Din briefly debated chasing after her, dragging her back to the tent, and tying her down as he threatened. He would make sure neither one of them got any rest.

The future gnawed at him. What would happen If they found the Jedi? When he inevitably had to give Grogu up, he already knew a part of him would never recover. But to give in to her and then give her up, lose both of them, go back to what he was before… Maybe living in the present as her Jedi teaching dictated was the less painful path.

Did he even want her? Kriff, of course, he wanted her. He wanted her right now. He wanted to cover her eyes so she couldn't see him, cover her mouth with his own, swallow down any sounds she made so the baby wouldn't wake up and fuck her until they couldn't remember their own names.

The weight of his helmet became too much. His armor pressed him down, down, down into the sand with each breath.

He could have had her tonight. Tomorrow be damned.

His hands curled into fists at his sides. If he could believe that, even for a heartbeat, he never would have stalked through downtown Mos Espa searching for her. Asked for her forgiveness, held his gods-damned breath until she was on the back of his speeder, just to keep her close…to know where she was, to know she was safe. She was a stubborn pebble in his shoe that he'd grown accustomed to and could no longer walk without its presence. "God damn it." He cursed at himself. She was more than that. Every time he watched her hold Grogu or touch him, he felt the universe collapsing in on him. He had seen what could be. Younglings. Someone to share his life with. A future. His Creed dictated that what he did, he did for the future. For the future of his adopted people, his culture, his clan.

If she had just gone with Cobb, it would have been so much easier. Vanth seemed reasonable enough, tolerable even, despite dishonoring the armor he wore. Unintentional as that dishonor might be. Zo hadn't voiced any concerns like she immediately had with Malk. Quite the opposite, she said he was a good man and refused to do anything that could harm him or his people. Cobb could be trusted not to hurt Zo the way he had done so many times already. He wasn't bound to the armor, to a Creed forcing anonymity and solitude. And if she stayed with the Marshal? Well, at least he would know where she was. It was a damn sight better than letting her drift away into the universe.

But she didn't go with Cobb. She came back.

To him.

Din blew out a deep breath and turned up the audio receptors in his helmet.

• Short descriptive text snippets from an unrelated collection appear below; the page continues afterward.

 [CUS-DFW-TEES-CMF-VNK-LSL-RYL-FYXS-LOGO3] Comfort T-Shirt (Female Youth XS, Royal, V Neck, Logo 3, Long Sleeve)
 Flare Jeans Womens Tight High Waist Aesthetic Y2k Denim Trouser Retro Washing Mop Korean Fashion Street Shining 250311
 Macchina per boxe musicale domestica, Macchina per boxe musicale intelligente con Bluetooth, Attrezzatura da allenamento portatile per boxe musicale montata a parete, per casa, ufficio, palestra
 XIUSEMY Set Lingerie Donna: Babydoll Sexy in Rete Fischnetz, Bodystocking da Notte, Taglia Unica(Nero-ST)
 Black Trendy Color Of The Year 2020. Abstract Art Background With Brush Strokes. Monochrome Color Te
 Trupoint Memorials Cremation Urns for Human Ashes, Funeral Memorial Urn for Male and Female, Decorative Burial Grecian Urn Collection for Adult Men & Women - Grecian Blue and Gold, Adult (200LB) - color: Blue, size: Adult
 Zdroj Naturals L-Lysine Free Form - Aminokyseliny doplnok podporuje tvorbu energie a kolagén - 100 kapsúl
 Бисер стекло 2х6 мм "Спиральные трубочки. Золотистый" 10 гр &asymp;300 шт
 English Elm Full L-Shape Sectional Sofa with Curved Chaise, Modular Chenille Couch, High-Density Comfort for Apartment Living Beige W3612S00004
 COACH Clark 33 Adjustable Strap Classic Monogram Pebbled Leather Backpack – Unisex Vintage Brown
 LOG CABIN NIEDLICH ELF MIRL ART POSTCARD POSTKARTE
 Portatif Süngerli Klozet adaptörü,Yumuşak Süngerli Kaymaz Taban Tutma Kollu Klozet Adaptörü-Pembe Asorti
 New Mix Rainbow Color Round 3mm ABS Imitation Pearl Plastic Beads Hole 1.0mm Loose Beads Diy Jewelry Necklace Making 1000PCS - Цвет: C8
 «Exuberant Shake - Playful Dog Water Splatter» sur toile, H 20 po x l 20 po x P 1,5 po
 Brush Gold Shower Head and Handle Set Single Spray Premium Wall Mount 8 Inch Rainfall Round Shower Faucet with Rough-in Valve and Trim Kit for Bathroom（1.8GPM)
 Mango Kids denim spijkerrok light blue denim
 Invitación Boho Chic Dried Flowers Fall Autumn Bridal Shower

He made a few adjustments on his vambrace, cleaning out the sound of the peacefully sleeping baby, and focused on the tent next to him. Would he be able to hear them? Did he want to hear them? Did he want to know what she sounded like when someone made her feel wanted? Even if the sound burned like a wildfire raging through the tech in his helmet?

Fuck. Yes. Yes, he did.

A massif roamed outside. It sniffed the air, the sand, the tent. The creature found nothing amiss and padded on guarding the camp like it was trained to do since the day it whelped. He heard quiet barks and cries in Tusken. A log popped in the firepit. The banthas snorted and stomped their hooves. Someone else snored. But nothing from the gods' damned tent next to him. Could they really be that quiet? Had they left to spend the night in the sacred waters? Did she sense him trying to spy on them?

Probably. Fucking Jedi. He was angry, and it was harder to seal off his thoughts when he was angry. He ground his teeth and readjusted his sensors, suddenly disgusted with himself. He turned on his back and willed the suns to rise so he could get tomorrow over with. He could face both of them. He had faced worse. Much worse and came away mostly unscathed. Gods help him and Cobb Vanth if the man gloated, one sly comment or knowing side-long glance and Din might end him.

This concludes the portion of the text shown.